# Citation style for book?



## velo (Jan 15, 2018)

I'm writing an auto-biographical account of my own experiences that pertains to a specific area in the psychological sciences.  This will be a self-published book of (estimated) 80-100k words.  I've used APA extensively for psych papers but it feels overly distracting in a book format as I'm also trying to reach the lay person who is perhaps not as interested in a properly cited book.  However I also want to maintain credibility when I do reference current science on the various aspects of my topic.  Chicago endnote style seems more 'readable' but is not usually used with the topic of psychology.  
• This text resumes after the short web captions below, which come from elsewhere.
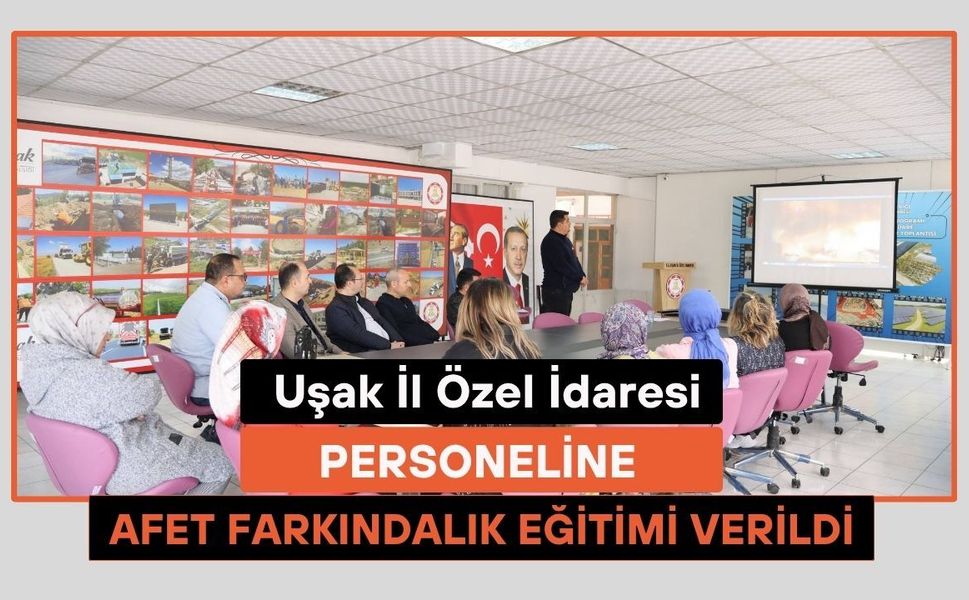 Uşak İl Özel İdaresi Personeline Afet Farkındalık Eğitimi Verildi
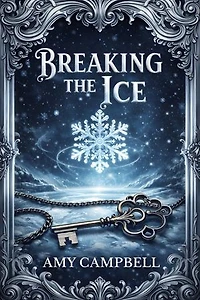 Breaking the Ice: A Tales of the Outlaw Mages Novella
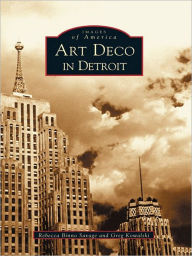 Title: Art Deco in Detroit, Author: Rebecca Binno Savage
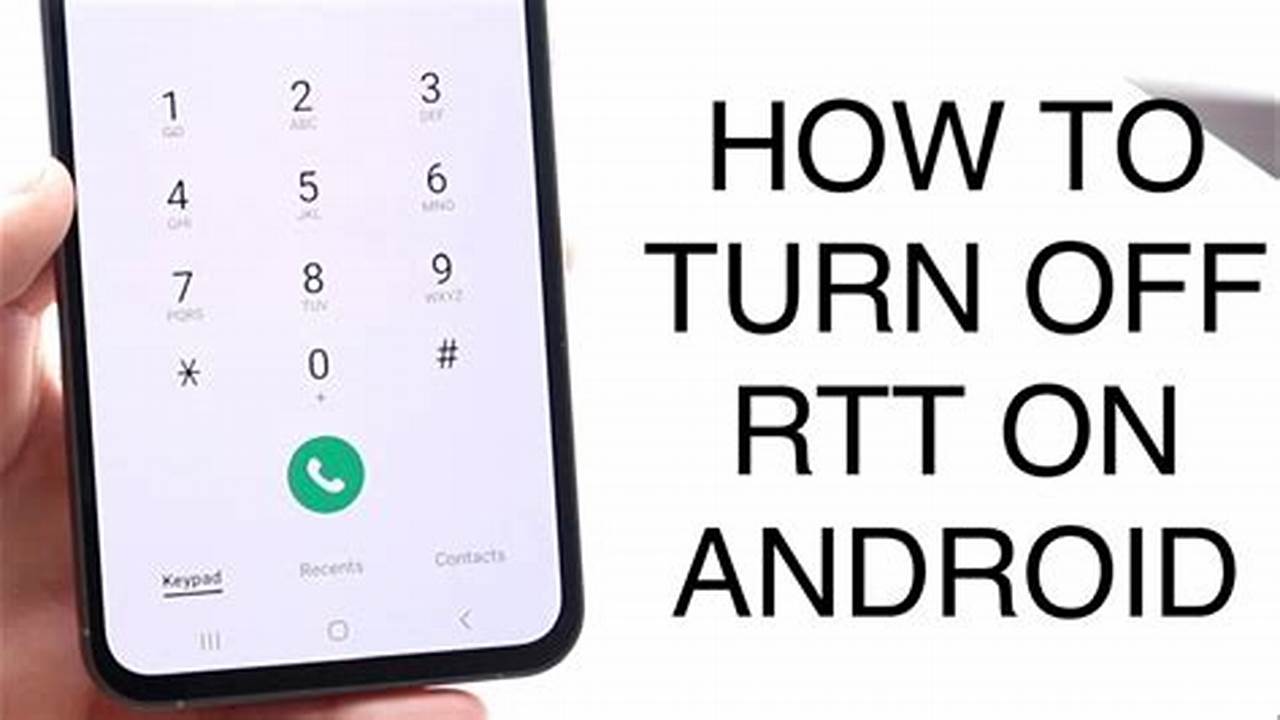 How to Effortlessly Deactivate RTT Mode on Android Devices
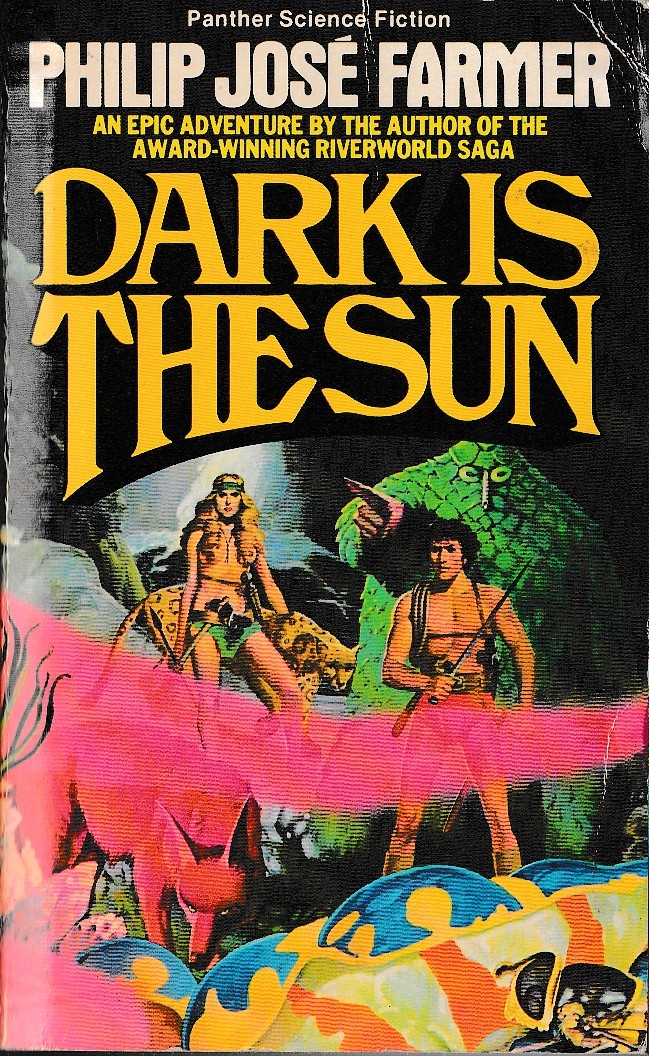Philip Jose Farmer  DARK IS THE SUN front book cover image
Of course, all the recommendations for the use of these styles refer mostly to their applicability to academic papers, not books published outside of academia.  Does it matter what I use?  Is there a style that is specific for book format?  I can't seem to find what is 'proper.'

[edit] I should also add that I will be injecting a large amount of science into several areas of the book which is why I am asking.  Though my subjective experiences make up much of the volume the science references are very important and vital to the type of work I want to create.


----------



## -xXx- (Jan 16, 2018)

are you familiar with viktor frankl?
is that the type of work you wish to write?
pls.n.thx


----------



## velo (Jan 16, 2018)

-xXx- said:


> are you familiar with viktor frankl?
> is that the type of work you wish to write?
> pls.n.thx



No.  I am not familiar with his work.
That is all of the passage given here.